My first encounter with the culture of thinness was when I started “proper” work in my late twenties and encountered a whole generation of early twenties who spoke an entirely different language on the suitability of their body parts. Suddenly I was surrounded by women who didn’t just speak the language of thin and fat, but wailed about the fat upper arm, the fat thigh and so on. That the waxing and waning of body parts and its sculpting would cause so much anguish was both astonishing and laughable to the 28 year old me steeped in the idea that having a sculpted mind was the most important object of life.
In the years since, the culture of thinness is now so pervasive that no one gives it a second thought. Women and increasingly, men, are all part of the cult of size zero and parents worry about "chubby" babies. The gymnasium is the high temple of the body. The more literal minded governments amongst us would have it
legislated. Indeed thinness has become a medical ideal, the thin are perplexed when they are diagnosed with illness, and the fat are asked to lose a few pounds even when the reasons lie elsewhere.
Thinness has always equated starvation or limited food or increasingly “correct” food. In unfortunate circumstances, it is shorthand for famine, disease and malnutrition. In other circumstances, it suggests self-control and asceticism. Somewhere along the way, in a world which is perceived more and more via visual media, it suggests both self control (the person who eats a “healthy” lettuce sandwich and who is relentlessly physically active) and also an aesthetic ideal.
In the West, the culture of thinness is partially historical, witness the tiny waists that
corsets provided or
flapper girls or the cult of the ethereal beauty from time to time. There doesn’t appear to be any such corresponding notion in India and at least in recent memory, generations of naturally thin women were routinely asked to stack on weight to raise their matrimonial prospects. Still, in my mother’s family where the women are naturally thin, it is a prized possession and they were very much given to casting an appraising eye over anyone who diverged from this ideal. Perhaps they were an aberration, perhaps it is part of the psyche of simian communities to observe and comment on anything outside the standard deviation. I digress, but I think that provided thinness is not a sign of poverty, it remains valued even in cultures that seemingly celebrate curves and lumps.
Thinness is inextricably intertwined with food. And in the past two decades, the discussion on food is both complex and well, abundant. Increasingly there is a food caste system with its own high priests (Obama himself seems to have more than a touch of
gauche hipsterism) and attacks on those
well known empires of gluttony are common. It is a culture in which food and size fetishism is seemingly at its zenith.
Historically, a culture’s anxieties rested on the ideal female body, now thinness is slightly more democratic. Completely unstatistically, it would appear that fewer women gym than men. The female response is usually the lettuce sandwich (or the cabbage diet or the tea diet or a weight pill, a whole industry rests on diets). Men tend to gym and nothing is more symbolic of male narcissism.

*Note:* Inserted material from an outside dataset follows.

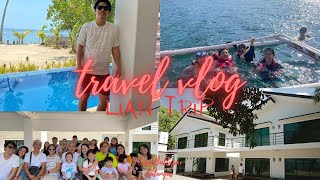 Casa Baltazar A amp B  luxury beachfront getaway 2024 Lian Batangas [upl. by Asseralc780]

Again, age 28 seems to have been a watershed – my first encounters with men who obsessively gymmed to – yes – sculpt that thigh, that upper arm and so on.
Mark Greif’s sharp essay, Against Exercise, assailed the modern gym but it is hardly likely to dent subscription numbers. Gymming is also completely different from an outdoor, physical life – as is obvious from a century of representations of masculinity in cinema. It is artificial, intended to embody a cultural ideal.
One of the insidious aspects of popular culture is that one is drawn into criticism of it. For e.g., both sides of the fence will continue discussing female thinness (Vogue perhaps supporting it while making soothing noises of empowerment, the feminist making it part of her polemic and likely facing the tag of hairy, fat, lesbian) even though food and size fetishism are essentially trivial in nature. Perhaps my time is better spent elsewhere. I suppose it’s the ubiquitousness of the topic that gets to one; these days one may not begin any conversation without discussions on weight and exercise - which instantly casts a pall of boredom. More seriously, various friends struggle with their weight and it is a source of embarrassment, their relationship with food instantly conflicted. Exercise can become so important that it precedes any kind of interaction – the interaction itself is not validated unless one is present at it gym buffed. I do not write this in praise of fat or the couch (though I am comfortable with both). And the cult of bootylicious and McWhoppers is equally tedious. I only ask that both be banished from public pulpits, the matter is perhaps best left to the individual.